Protecting Your Car From Break-Ins.

The single most important thing you can do to protect your car from a break-in robbery is to leave nothing of value in the visible area of your car. Put everything in the trunk or glove compartment where it can’t be seen. Last month, someone I know parked his car on the street in a residential neighborhood in San Francisco. His laptop computer was sitting on the front seat of the car. Instead of putting the computer in the trunk, he left it on the seat and covered it with a hoodie. When he returned to his car, a window was broken, and the computer was gone. Successful car thieves have keen powers of observation.  A professional car thief can look at a hoodie, a jacket, or a sweater lying on a car seat and can tell by the height and shape of the pile if there is likely something underneath. Successful thieves have good instincts about these things. A professional thief isn’t going to risk going to jail for nothing.

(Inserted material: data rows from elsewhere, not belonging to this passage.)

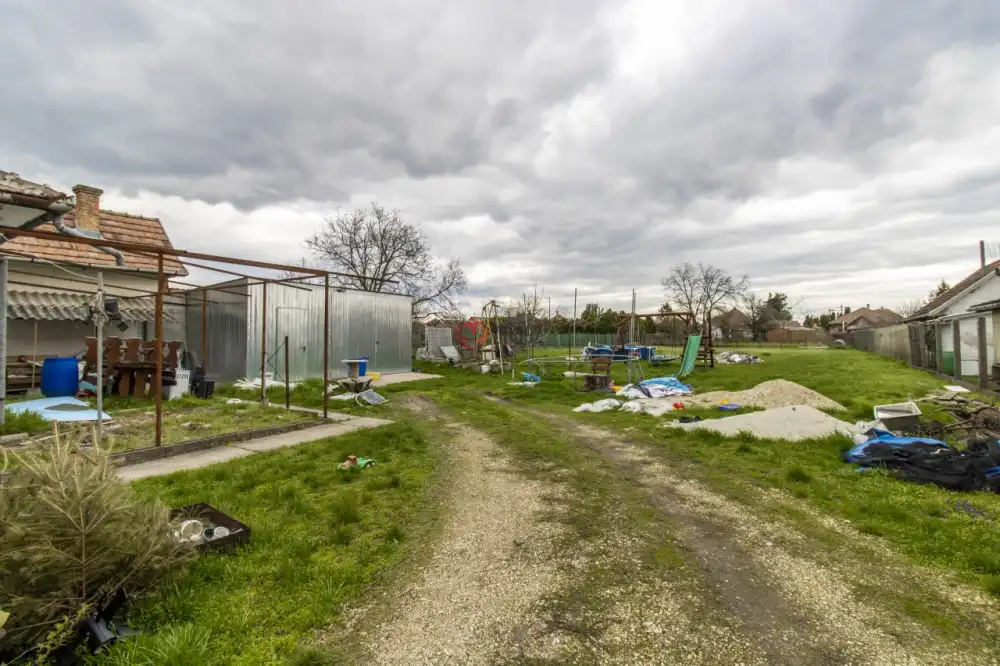 Pest megye - Tóalmás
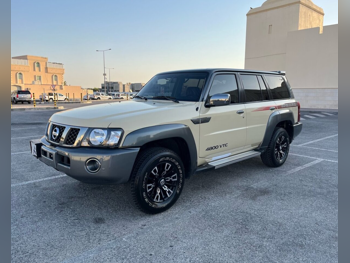 نيسان  باترول  سوبر سفاري  2023  اوتوماتيك  30,000 كم  6 سلندر  دفع رباعي  اس يو في  بيج  تحت الضمان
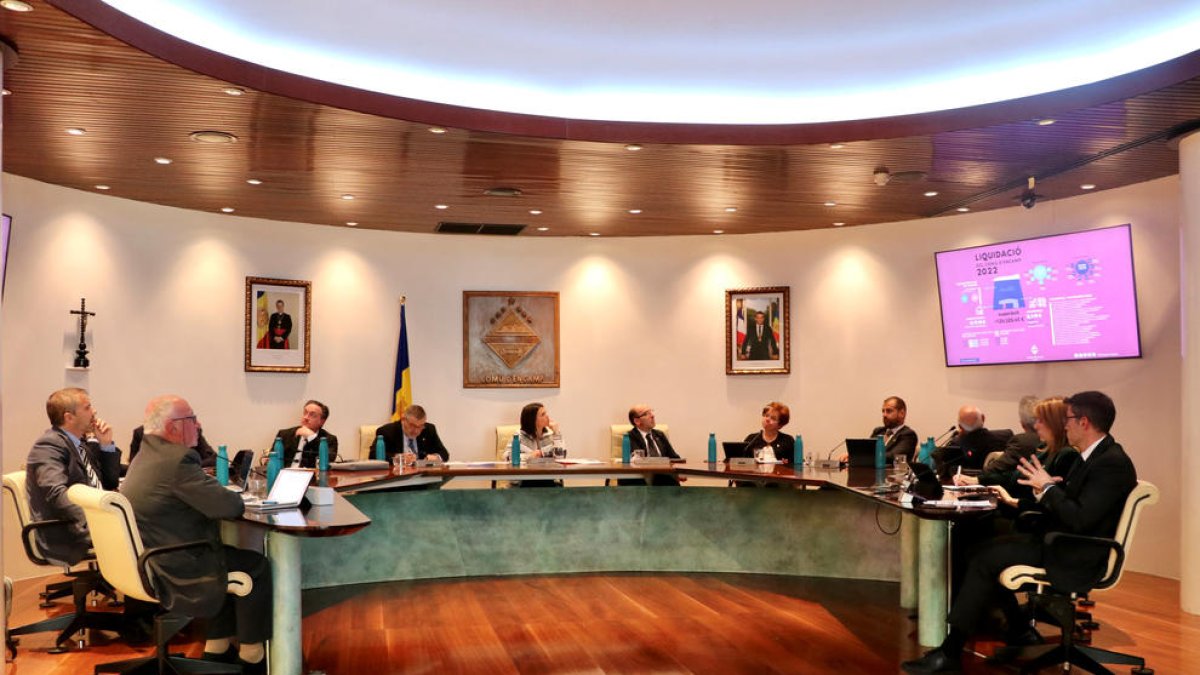 Els consellers llegint el resum de la liquidació, projectat en una pantalla.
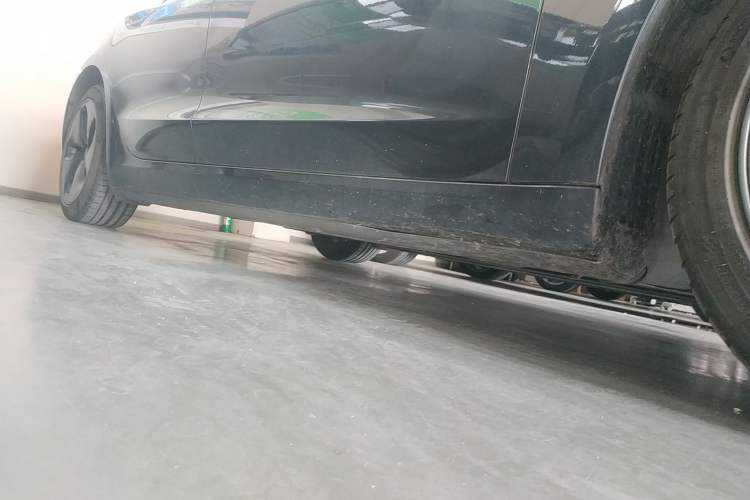 Used Tesla Model 3 2019 Long-Range Rear-Wheel-Drive Version Right Side Sill
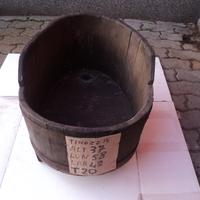 Tinozza di forma ovale per vino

Don’t leave anything in your car that a passer-by might think is valuable, even if it isn’t. For example, a closed box sitting on a car seat might contain nothing, but a car thief has no way of knowing that without breaking a window and looking inside the box. A tenant of mine found that out the hard way several years ago after leaving an empty iPhone box on the back seat of his car. A thief broke his window, picked up the box, and when he realized it was empty, he dropped the box and left. Do not rely on car burglar alarms. In an urban area like Berkeley, they are completely useless. False car alarms are so common that nobody pays any attention to them. Have you ever called the police because you heard a car alarm go off? Do you know anyone who has?